*** Given data Section Begins ***

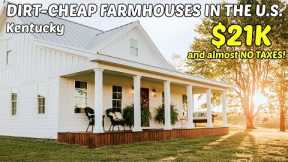 6 DIRT-CHEAP FARMHOUSES For Sale in KENTUCKY– Hidden Real Estate Goldmines!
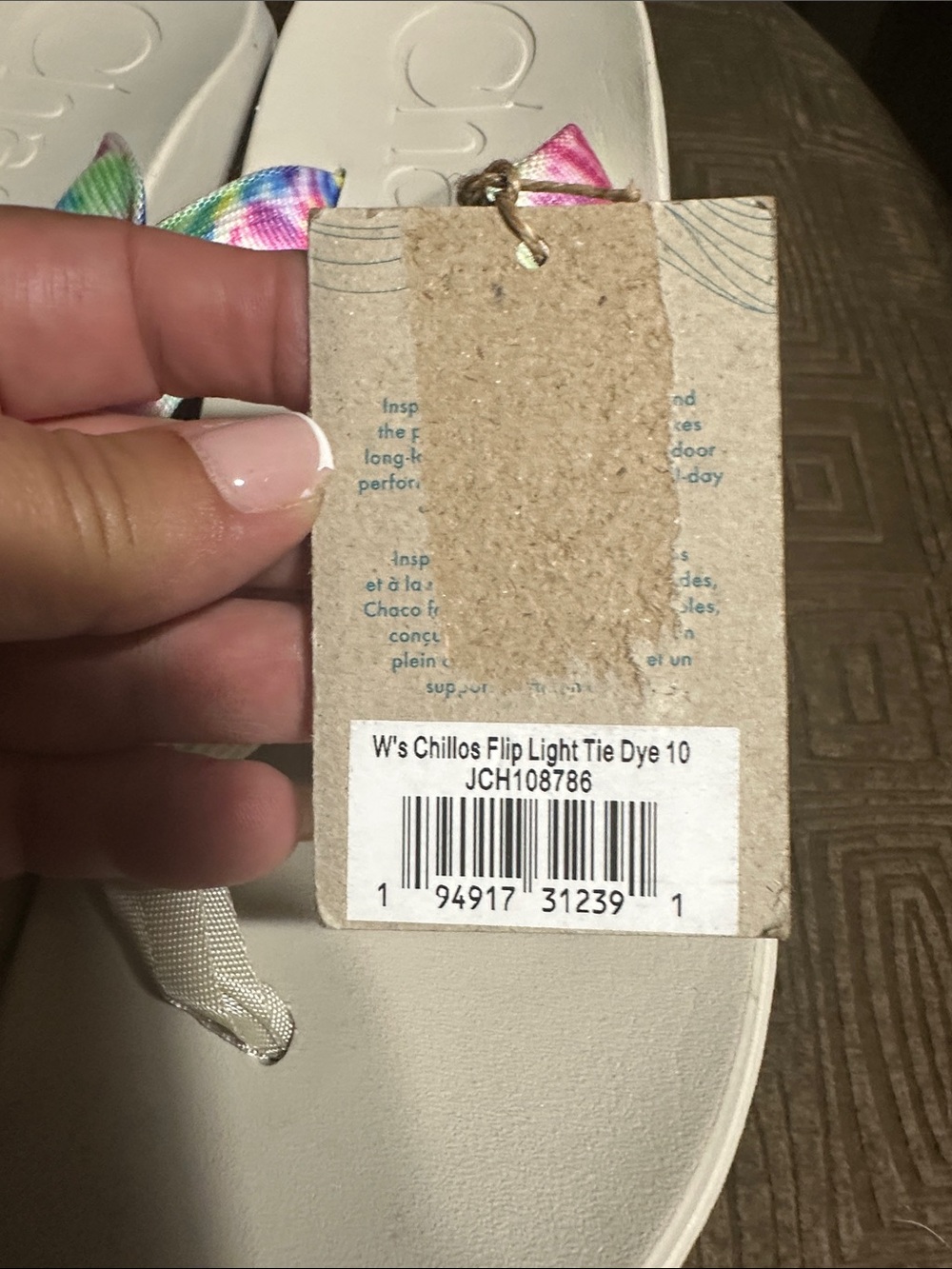 NWT Chaco Women's Chillos Tie Dye Flip Flop size 10 - Picture 3 of 5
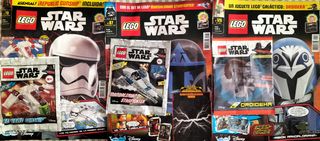 Revistas Lego Star Wars con figura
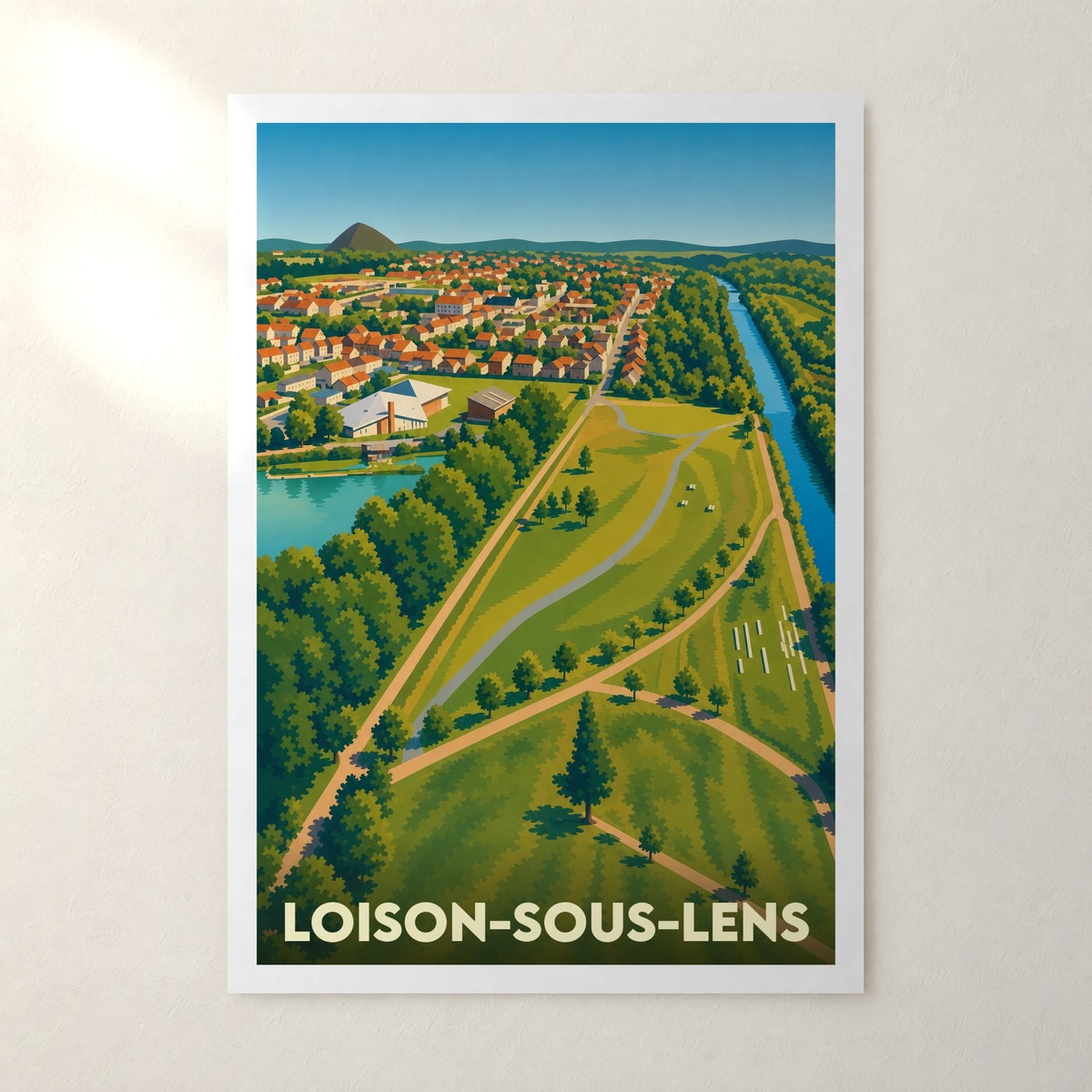 Affiche Loison-sous-Lens – sans cadre, accrochée au mur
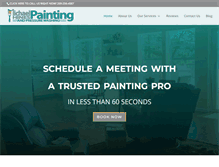 Tablet Screenshot of hinespainting.com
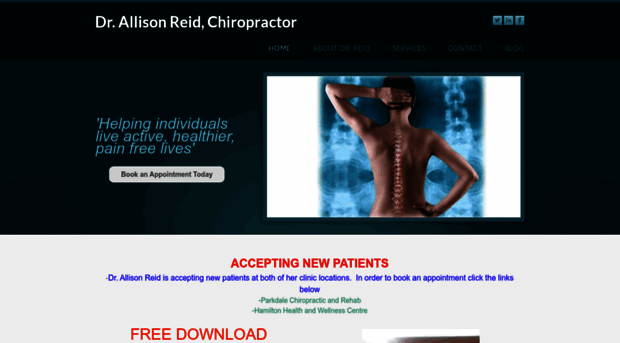 drallisonreidchiropractor.com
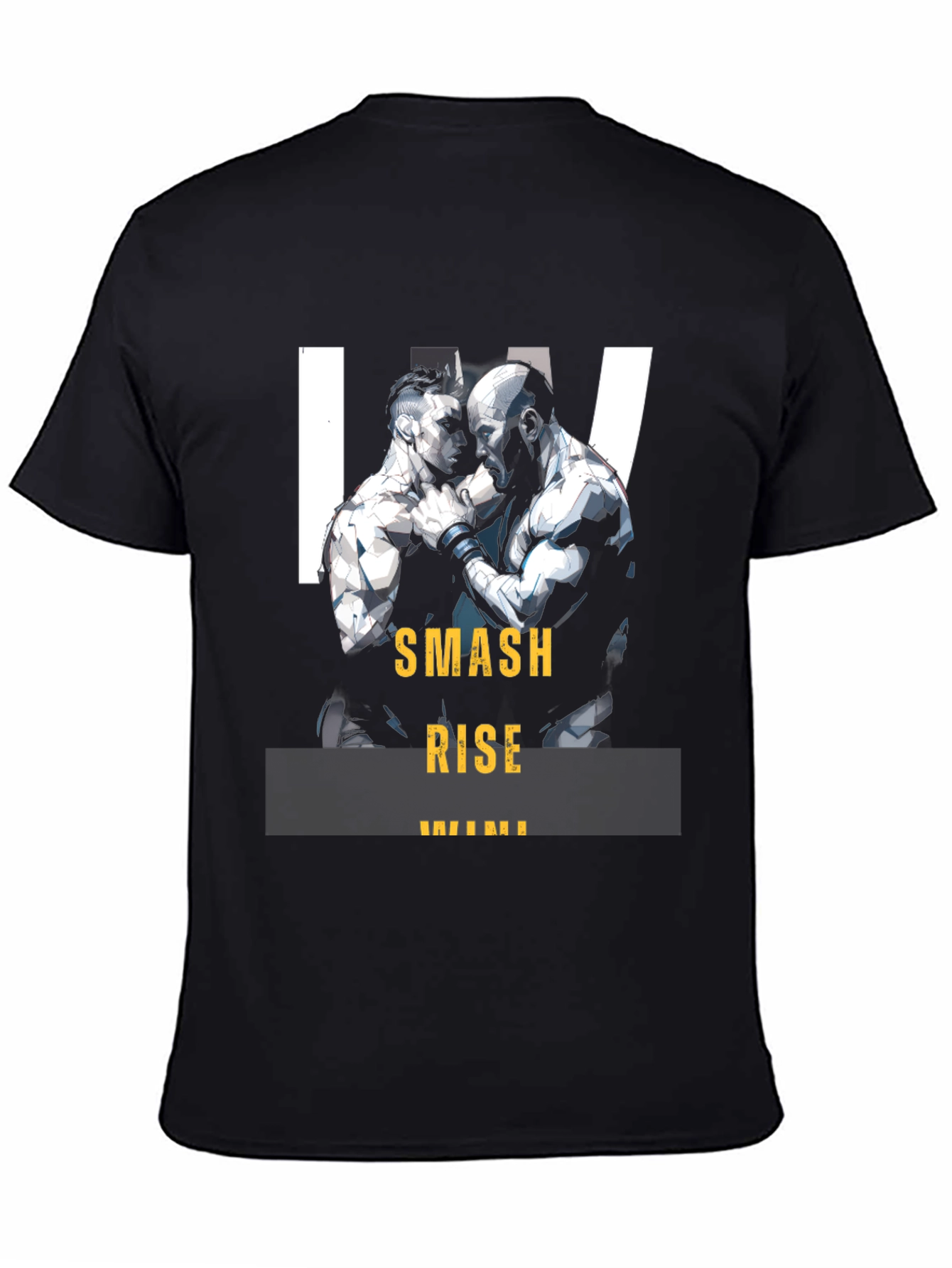 Smash Rise Graphic Tee - MMA Inspired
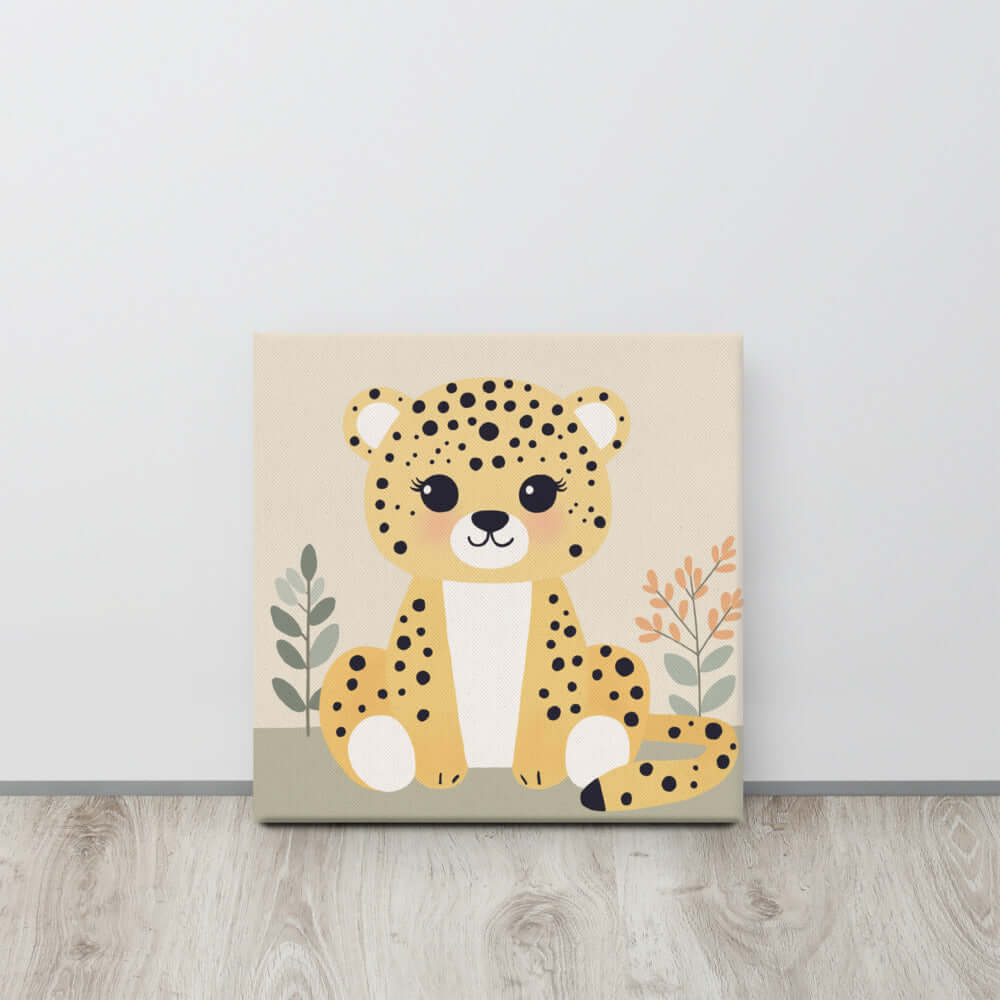 Wondershire, Baby Cheetah Canvas Print, Canvas,canvas print,Cheetah,cheetah artwork,Childrens Room,Kids Decor,Nursery Art,Nursery Decor,Wildlife Nursery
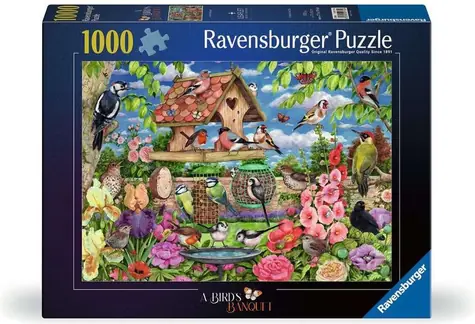 Ravensburger Puzzle-Vogeltisch / 1000 Teile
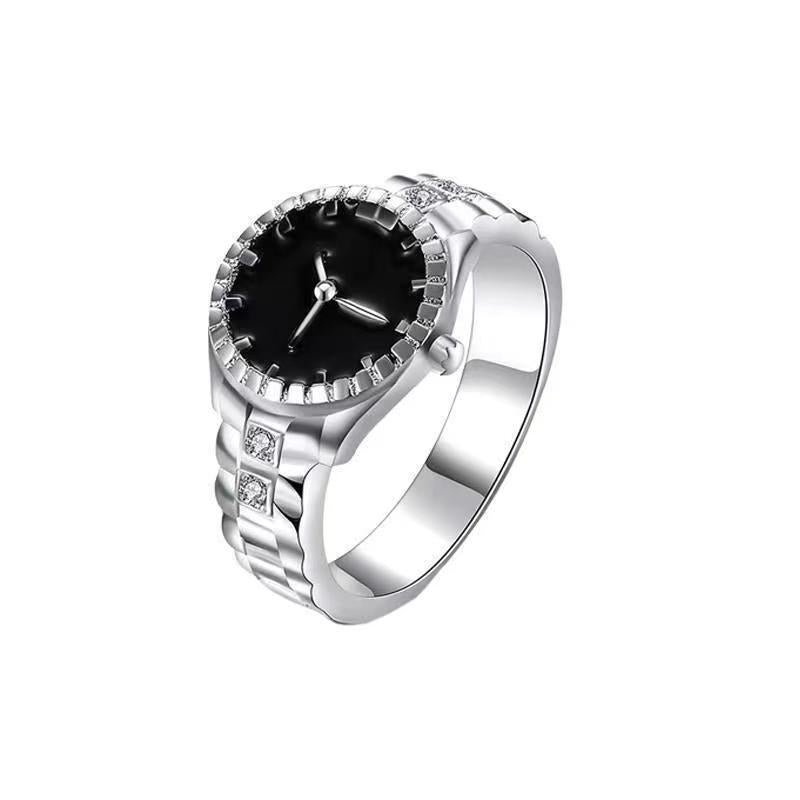 Men's Combination Stacked Single Trendy Open-end Personality Rings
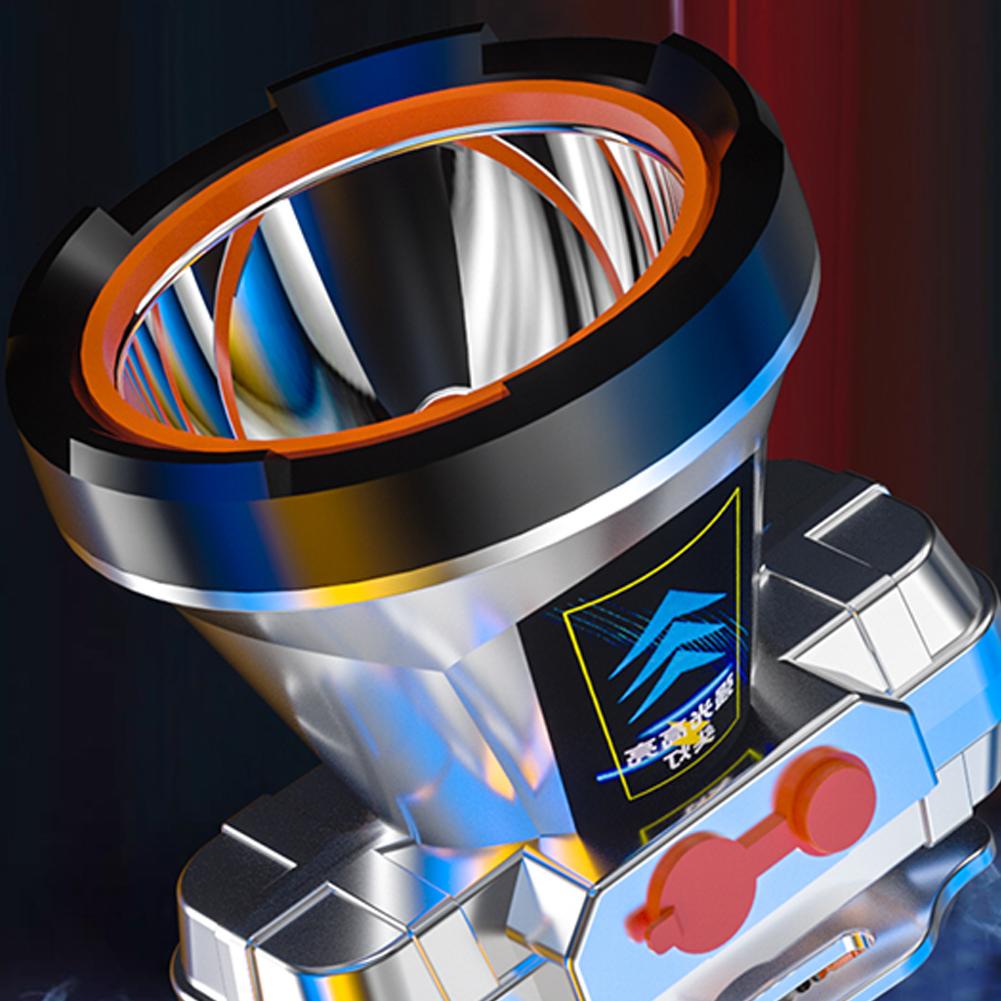 Outdoor Portable Strong Headlight Ultra Bright Head Mounted Night Fishing Light Ultra Long Endurance Mining Lamp Rechargeable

*** Given data Section Ends ***

- **What the task asks**: Verbatim repeat, images removed: give each entry again exactly as it reads.

- **Exercise response**:
 6 DIRT-CHEAP FARMHOUSES For Sale in KENTUCKY– Hidden Real Estate Goldmines!
 NWT Chaco Women's Chillos Tie Dye Flip Flop size 10 - Picture 3 of 5
 Revistas Lego Star Wars con figura
 Affiche Loison-sous-Lens – sans cadre, accrochée au mur
 Tablet Screenshot of hinespainting.com
 drallisonreidchiropractor.com
 Smash Rise Graphic Tee - MMA Inspired
 Wondershire, Baby Cheetah Canvas Print, Canvas,canvas print,Cheetah,cheetah artwork,Childrens Room,Kids Decor,Nursery Art,Nursery Decor,Wildlife Nursery
 Ravensburger Puzzle-Vogeltisch / 1000 Teile
 Men's Combination Stacked Single Trendy Open-end Personality Rings
 Outdoor Portable Strong Headlight Ultra Bright Head Mounted Night Fishing Light Ultra Long Endurance Mining Lamp Rechargeable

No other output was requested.